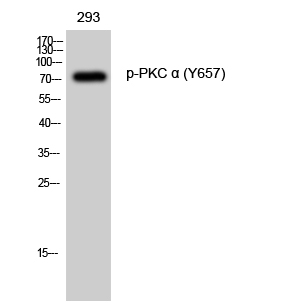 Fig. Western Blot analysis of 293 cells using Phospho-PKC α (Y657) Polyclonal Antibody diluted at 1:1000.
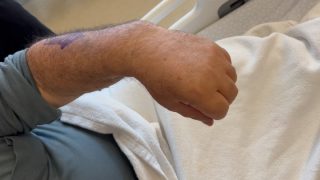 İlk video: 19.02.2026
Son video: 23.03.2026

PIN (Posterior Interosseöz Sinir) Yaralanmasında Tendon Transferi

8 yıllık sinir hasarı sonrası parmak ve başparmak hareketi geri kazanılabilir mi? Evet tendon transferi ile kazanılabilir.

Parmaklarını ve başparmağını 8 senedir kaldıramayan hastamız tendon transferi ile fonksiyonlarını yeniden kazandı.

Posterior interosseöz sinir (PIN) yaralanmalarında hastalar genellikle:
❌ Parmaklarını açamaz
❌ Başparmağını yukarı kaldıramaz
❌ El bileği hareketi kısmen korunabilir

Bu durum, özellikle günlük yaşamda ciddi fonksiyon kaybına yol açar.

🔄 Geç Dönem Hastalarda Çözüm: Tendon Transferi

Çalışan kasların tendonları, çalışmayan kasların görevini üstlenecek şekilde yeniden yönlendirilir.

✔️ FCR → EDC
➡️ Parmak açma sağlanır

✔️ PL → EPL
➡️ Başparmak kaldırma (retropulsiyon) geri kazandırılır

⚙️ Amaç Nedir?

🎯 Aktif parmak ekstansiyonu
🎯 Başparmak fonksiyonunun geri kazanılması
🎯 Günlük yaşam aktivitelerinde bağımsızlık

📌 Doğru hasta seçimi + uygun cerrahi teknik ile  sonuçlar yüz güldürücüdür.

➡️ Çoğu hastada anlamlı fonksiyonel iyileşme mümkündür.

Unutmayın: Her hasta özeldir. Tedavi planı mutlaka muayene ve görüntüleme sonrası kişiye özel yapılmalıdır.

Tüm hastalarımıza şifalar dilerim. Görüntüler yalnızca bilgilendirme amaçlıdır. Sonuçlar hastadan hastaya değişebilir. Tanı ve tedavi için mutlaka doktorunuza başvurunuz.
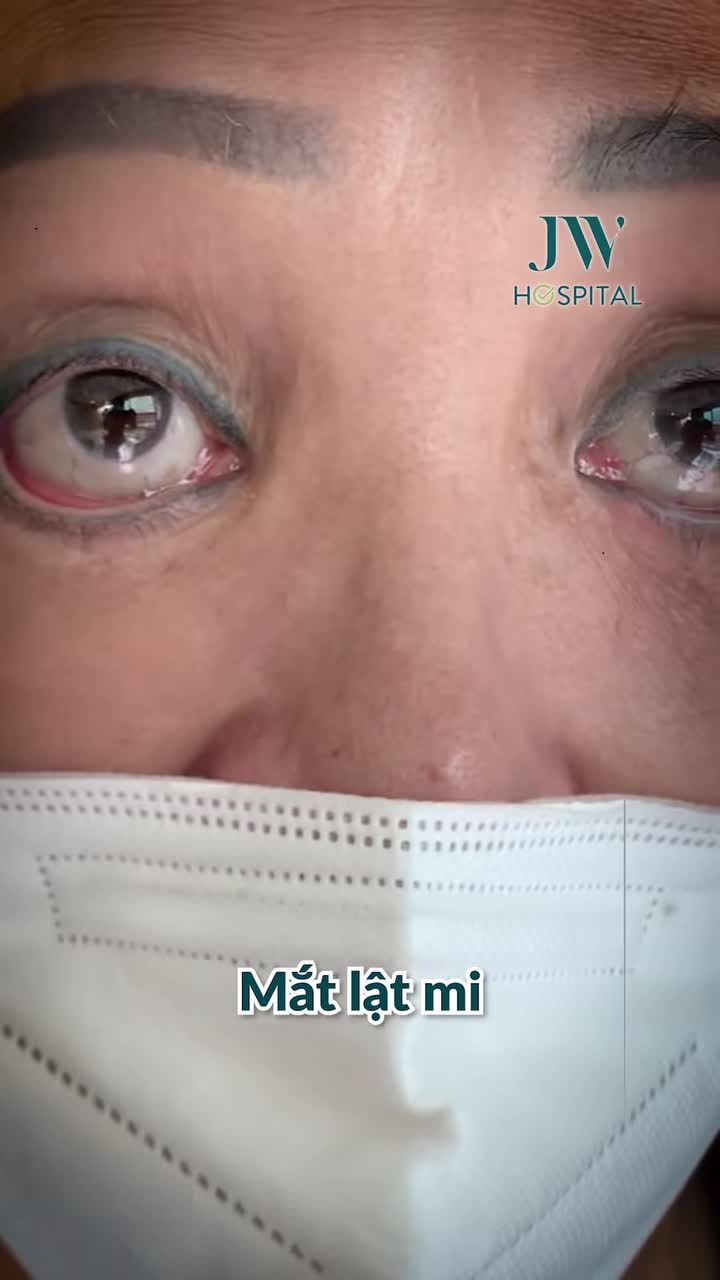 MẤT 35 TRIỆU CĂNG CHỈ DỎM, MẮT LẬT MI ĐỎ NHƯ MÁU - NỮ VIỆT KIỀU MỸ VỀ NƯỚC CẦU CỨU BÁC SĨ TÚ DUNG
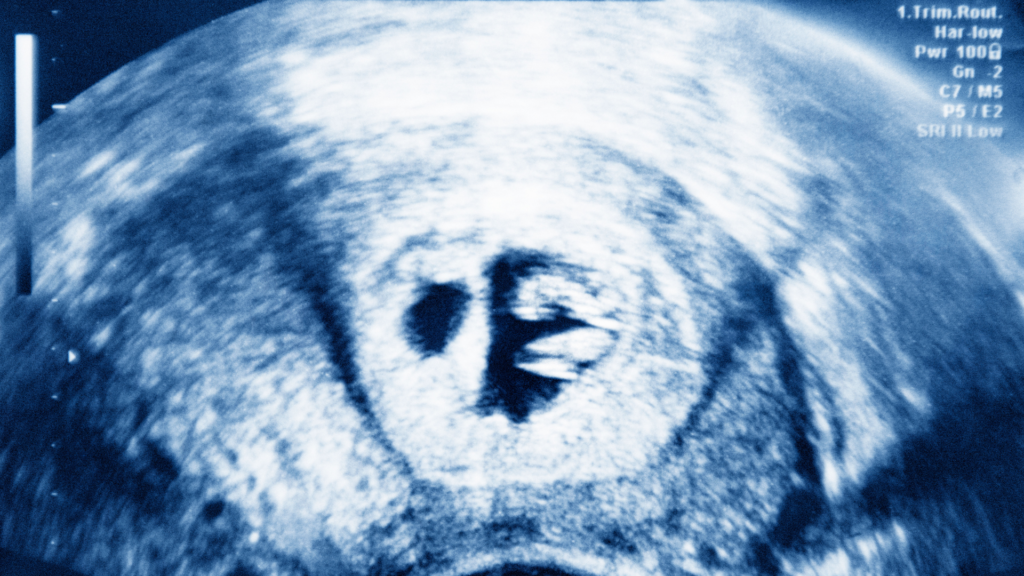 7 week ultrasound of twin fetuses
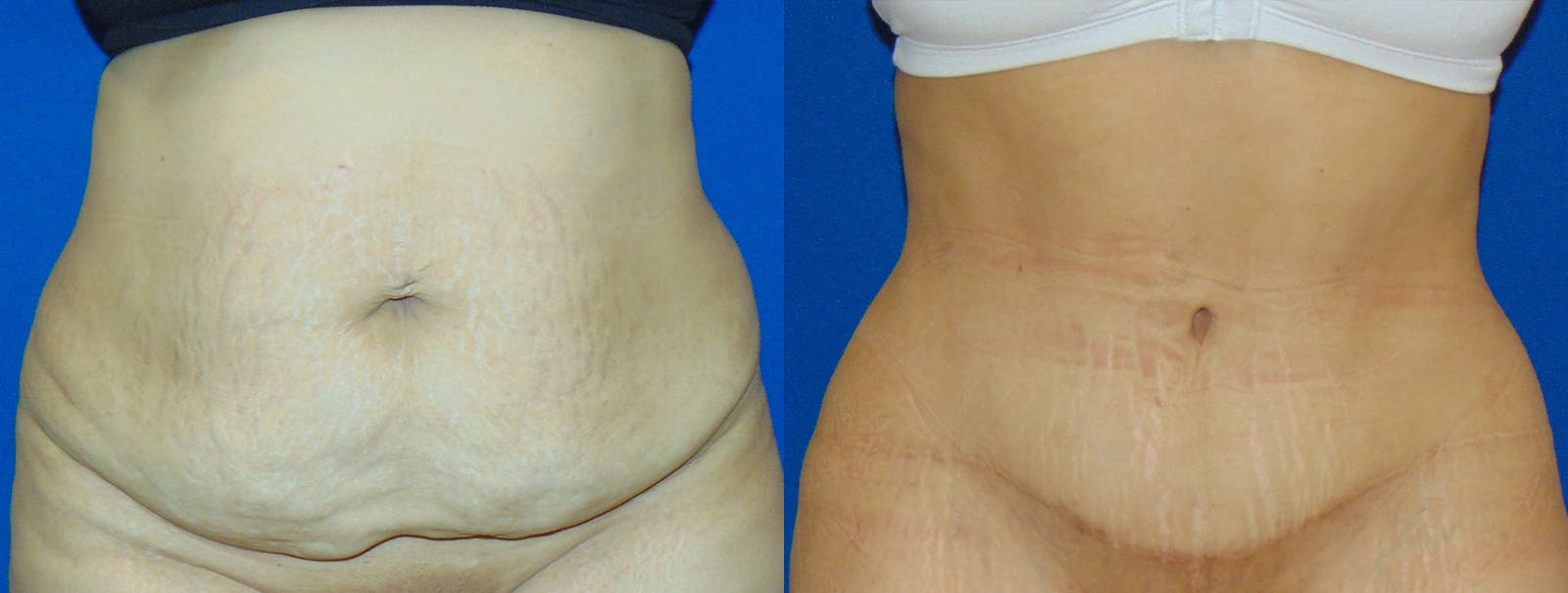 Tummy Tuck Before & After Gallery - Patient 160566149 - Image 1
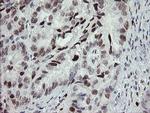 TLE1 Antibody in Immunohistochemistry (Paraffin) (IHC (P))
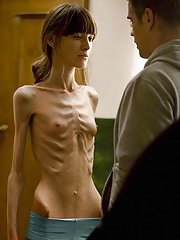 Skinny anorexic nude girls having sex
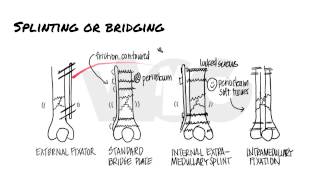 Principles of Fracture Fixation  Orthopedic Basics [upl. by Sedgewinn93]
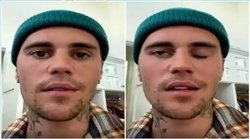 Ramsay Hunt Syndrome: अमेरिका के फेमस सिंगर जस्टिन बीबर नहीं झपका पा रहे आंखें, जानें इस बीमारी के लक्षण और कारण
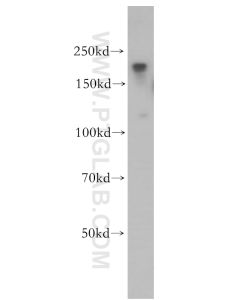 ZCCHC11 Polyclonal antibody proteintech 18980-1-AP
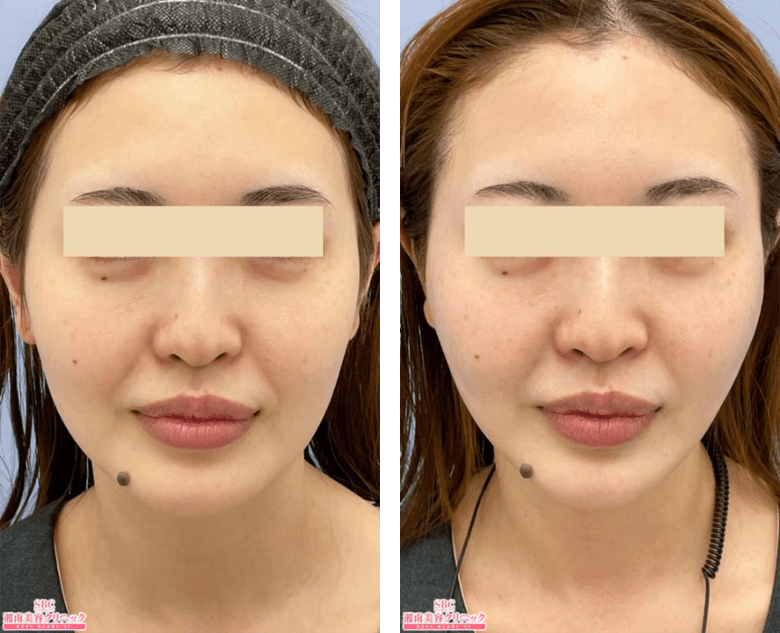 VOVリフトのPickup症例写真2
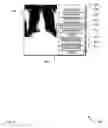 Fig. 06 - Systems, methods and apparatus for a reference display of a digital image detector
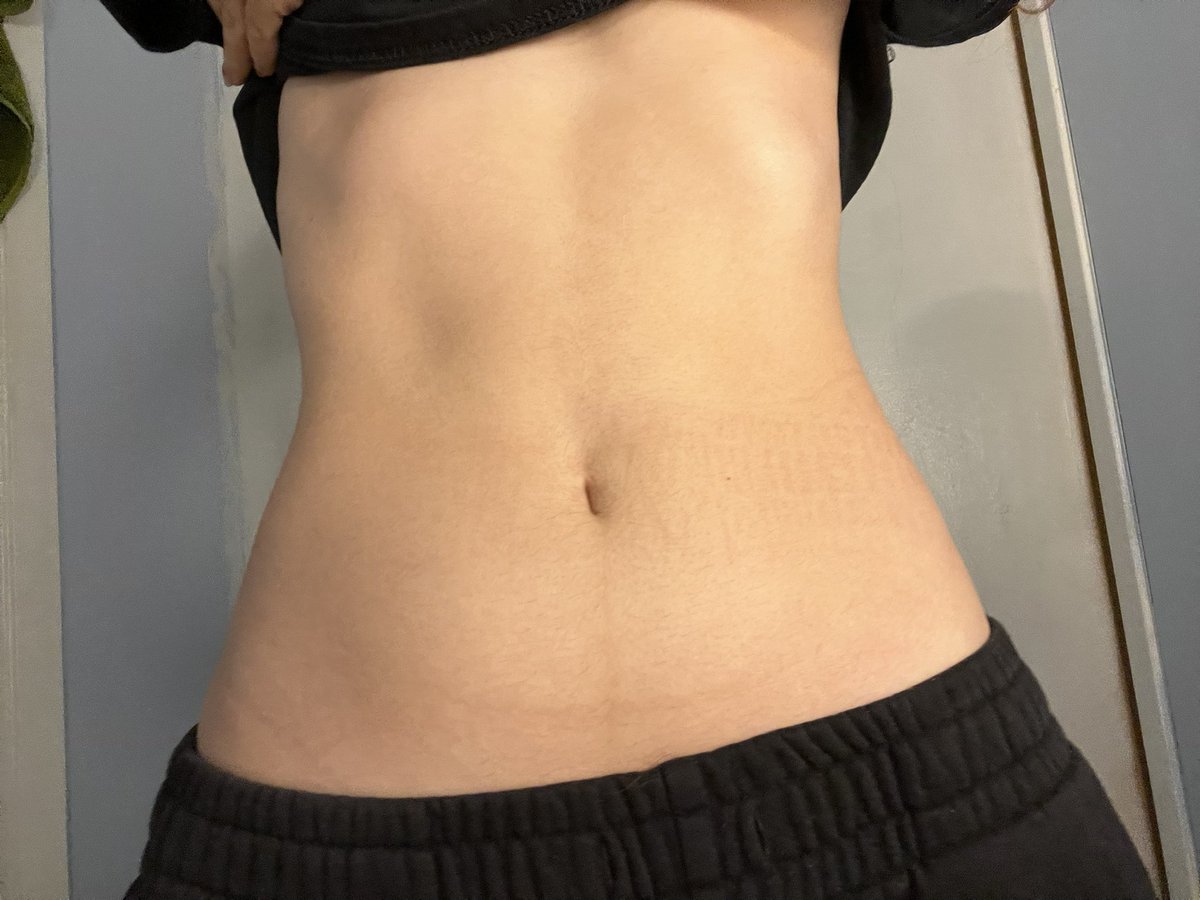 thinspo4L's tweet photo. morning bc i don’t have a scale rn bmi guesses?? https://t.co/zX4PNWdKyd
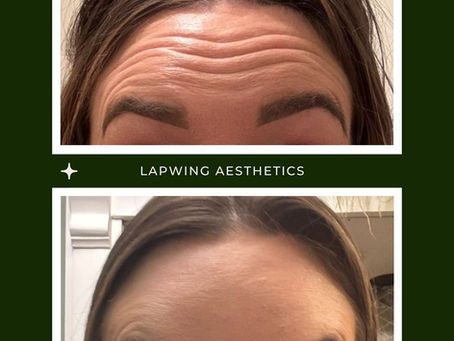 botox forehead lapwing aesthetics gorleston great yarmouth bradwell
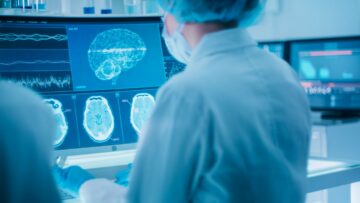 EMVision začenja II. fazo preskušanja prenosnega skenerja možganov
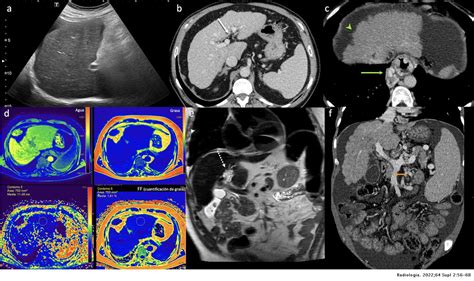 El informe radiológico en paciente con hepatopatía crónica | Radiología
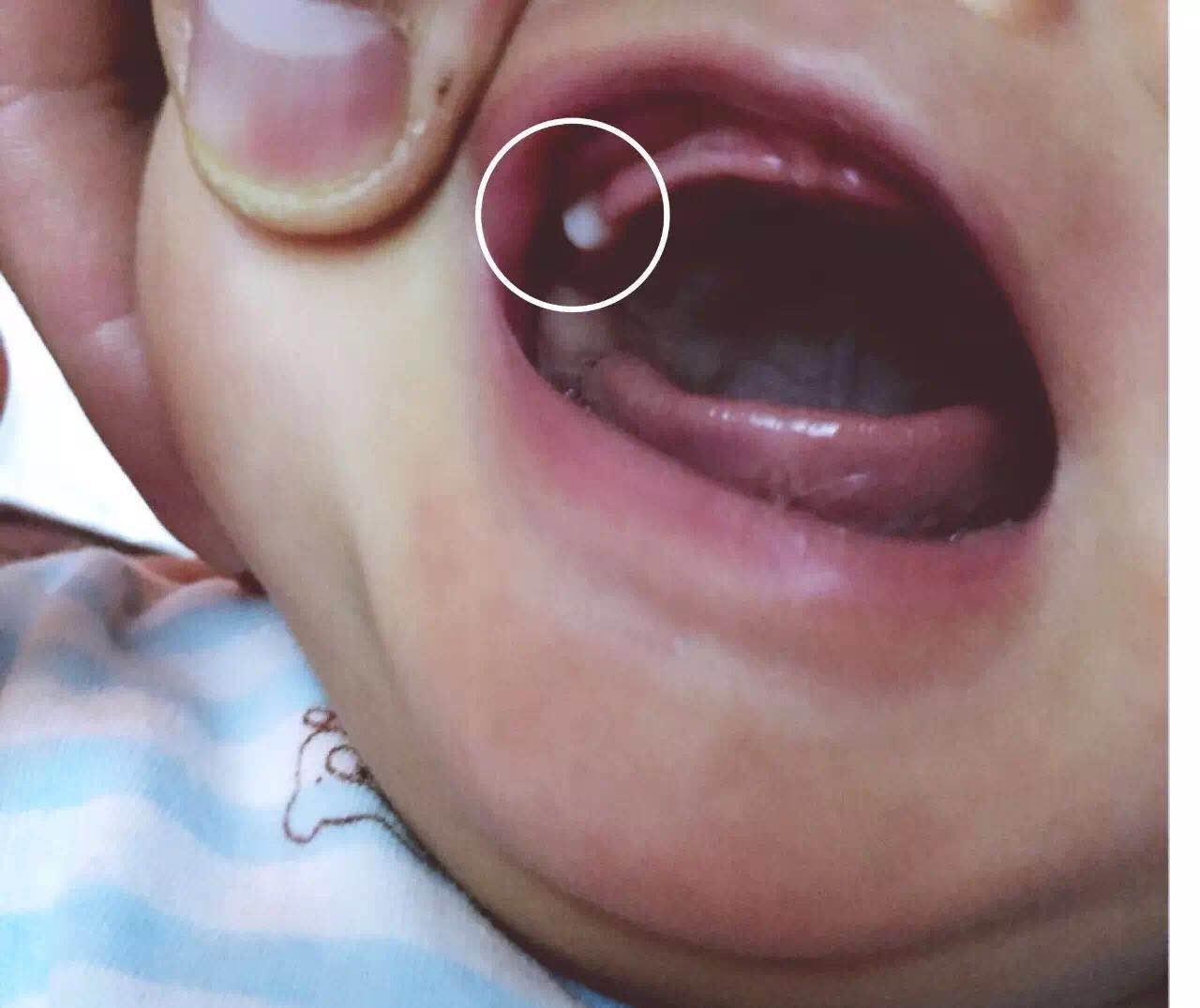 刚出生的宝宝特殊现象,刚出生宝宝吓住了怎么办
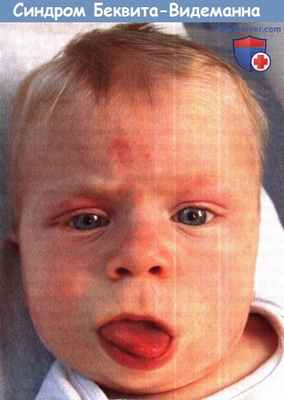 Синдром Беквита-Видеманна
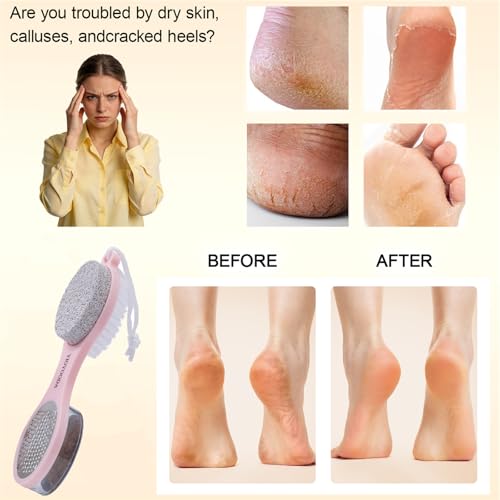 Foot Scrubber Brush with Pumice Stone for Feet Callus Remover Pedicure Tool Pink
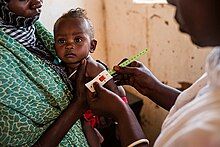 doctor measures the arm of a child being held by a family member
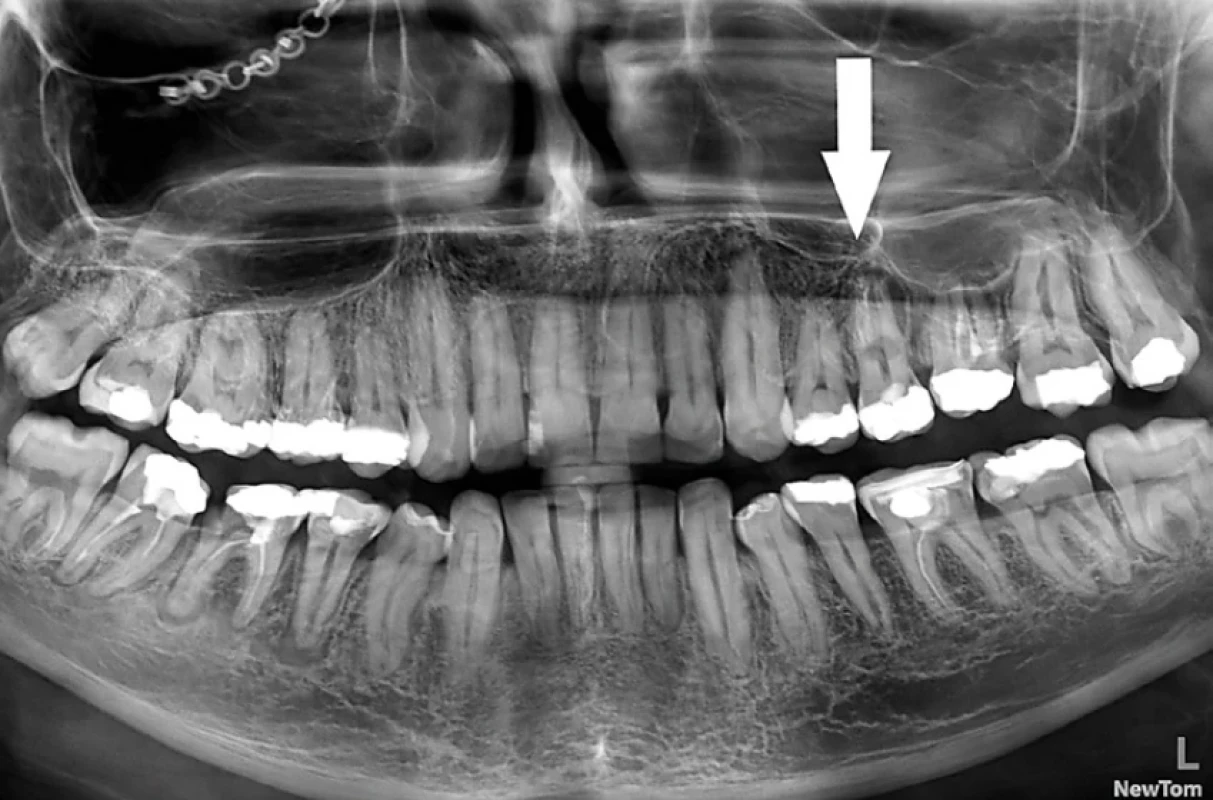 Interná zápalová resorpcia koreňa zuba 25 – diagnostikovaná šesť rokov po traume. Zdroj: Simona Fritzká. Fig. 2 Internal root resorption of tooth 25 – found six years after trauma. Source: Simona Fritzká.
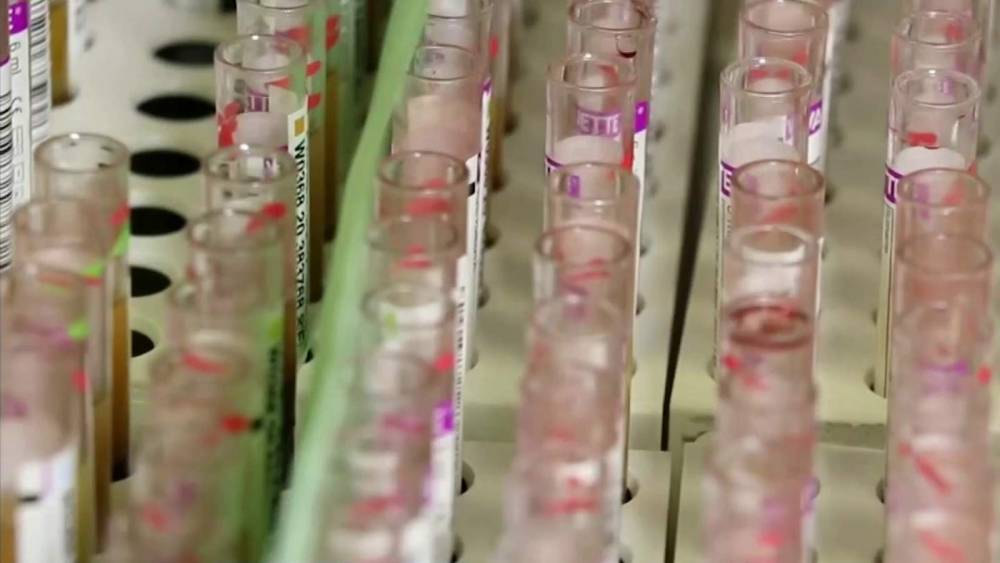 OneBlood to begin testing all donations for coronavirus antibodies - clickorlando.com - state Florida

● PROBLEM DETAILS: Starting at the line containing "doctor measures the" and finishing at the line containing "Interná zápalová resorpcia", return those lines exactly as they appear above, without the pictures.

● YOUR RESPONSE:
 doctor measures the arm of a child being held by a family member
 Interná zápalová resorpcia koreňa zuba 25 – diagnostikovaná šesť rokov po traume. Zdroj: Simona Fritzká. Fig. 2 Internal root resorption of tooth 25 – found six years after trauma. Source: Simona Fritzká.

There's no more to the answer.